As a further technical solution, the above horizontal propulsion mechanism includes:

the second bearing frame is erected on the mounting platform;

the sliding rail is horizontally arranged on the second bearing frame;

the sliding block is connected with the sliding rail in a sliding manner;

the servo motor and the speed reducer are fixed on the sliding block and synchronously and horizontally move with the sliding block; the speed reducer is connected with a power output shaft of the servo motor, and the speed reducer is connected with the left end of the connecting shaft through a coupler.

As a further technical solution, the above apparatus further comprises a heat dissipation system, the heat dissipation system comprising:

the water tank is arranged on the mounting platform;

the radiating pipe is arranged in the space between the left coil and the right coil in an annular structure, and one side of the annular structure is disconnected and divided into a water filling port and a water outlet;

the water injection pipe is arranged outside the bracket, one end of the water injection pipe is communicated with the water tank, and the other end of the water injection pipe is communicated with a water injection port of the radiating pipe through a water pump;

and the water outlet pipe is arranged outside the support, one end of the water outlet pipe is communicated with the water tank, and the other end of the water outlet pipe is communicated with the water outlet of the radiating pipe.

As a further technical scheme, a temperature sensor is arranged above the axle of the right bottom surface of the upper shell.

As a further technical scheme, the movable disc plate positioned in the middle is of a disc-shaped structure; the movable discs at the two ends are in a symmetrical semi-disc structure, and the planes of the movable discs face to the bottom surface of the shell; the section of each static disk is in a symmetrical trapezoid structure, and the trapezoid structure is inserted into the interval of the movable disks according to the inner thickness and the outer thickness and is matched with the interval shape of the movable disks.

As a further technical solution, the contact end surface of the pressing column and the inclined surface structure is a spherical surface.

As a further technical scheme, the axle and the left and right bottom surfaces of the shell are sealed through first framework oil seals.

As a further technical scheme, the penetrating position of the pressurizing upright post and the magnetism isolating ring is sealed by a second framework oil seal and a pressing plate.

As a further technical scheme, the shell consists of a left end cover, a middle ring and a right end cover.

As a further technical scheme, the sleeve is connected with the axle in a matched mode through a spline.

Compared with the prior art, the invention has the beneficial effects that:

1. the invention designs a two-stage braking structure, and the braking effect is good.

(1) Primary braking: the friction area of the magnetorheological fluid is increased by designing a plurality of embedded movable discs and static discs, so that the braking force on the axle is large;

(2) Secondary braking: research shows that when braking is carried out, magnetorheological fluid mainly participating in braking is magnetorheological fluid on the surfaces of the moving and static disks, and magnetorheological fluid below the magnetism isolating ring basically does not participate in braking, so that if the magnetorheological fluid not participating in braking is pressurized by a pressurizing rod such as the patent 201310028389.6, the braking effect is inevitably unsatisfactory, and the magnetorheological fluid in the gap between the moving and static disks needs to be pressurized radially and extruded axially, so that a larger braking effect can be generated.

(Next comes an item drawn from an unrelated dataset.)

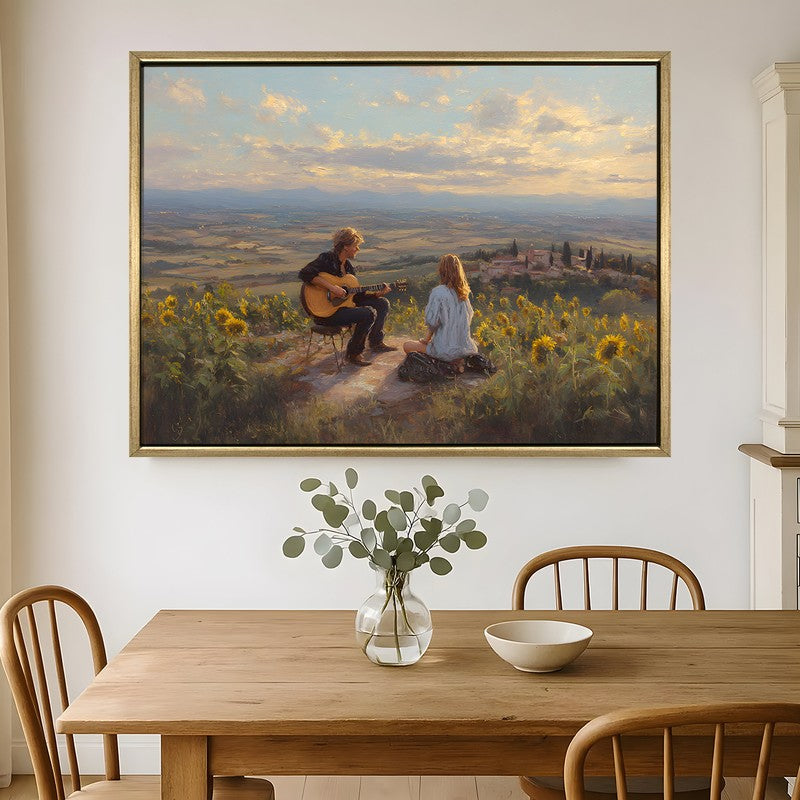 Golden Rhythm Canvas Wall Painting With Frame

On the basis of the research, the invention designs a horizontal propulsion mechanism, when the magnetorheological fluid begins to solidify, a servo motor increases the torque through a speed reducer, then a slide rail drives a moving sleeve to feed, a pressure upright post is pressed down through a moving sleeve propulsion inclined plane structure, then a disc fixing ring presses inwards to complete the pressure of a moving disc and a static disc, and by matching the design of a disc-shaped moving disc and a trapezoid static disc inclined plane, the gap between the moving disc and the static disc is reduced, the magnetorheological fluid after solidification generates radial and axial extrusion, the friction of the moving disc and the static disc is realized, the braking force is increased, and the effect of complete braking is achieved.

2. The invention is suitable for various environments when driving. The invention has a plurality of braking modes which are respectively as follows:

(1) Low current braking torque: the 1A-2A current is accurately controlled. When the slow brake is needed, the current of 1A-2A can be applied to the coil through the PLC, so that the magnetorheological fluid can be solidified to different degrees;

(2) Large-current braking torque: the 3A current + servo motor performs full braking. When emergency braking is generally needed, 3A current can be conducted to the coil through the PLC to achieve complete solidification of magnetorheological fluid, the servo motor drives the moving sleeve to push the inclined surface structure to press the disk fixing ring downwards, the disk fixing ring presses the movable disk inwards to complete pressurization of the movable and fixed disks, and by matching with the design of the inclined surfaces of the disk-shaped movable disk and the trapezoid fixed disk, the gap between the movable disk and the fixed disk is reduced, radial and axial extrusion is generated on the solidified magnetorheological fluid, friction of the movable and fixed disks is achieved, braking force is increased, and therefore complete braking is achieved;

(3) Intermittent braking, 2A-3A pulse current braking, and real-time operation of pulse current. The brake is suitable for braking the vehicle when going downhill;

(4) And (4) mechanical braking, namely when the pressurizing upright column is pressed down to the maximum, the dynamic and static discs are extruded to realize mechanical braking. The brake is suitable for long-term braking of parking.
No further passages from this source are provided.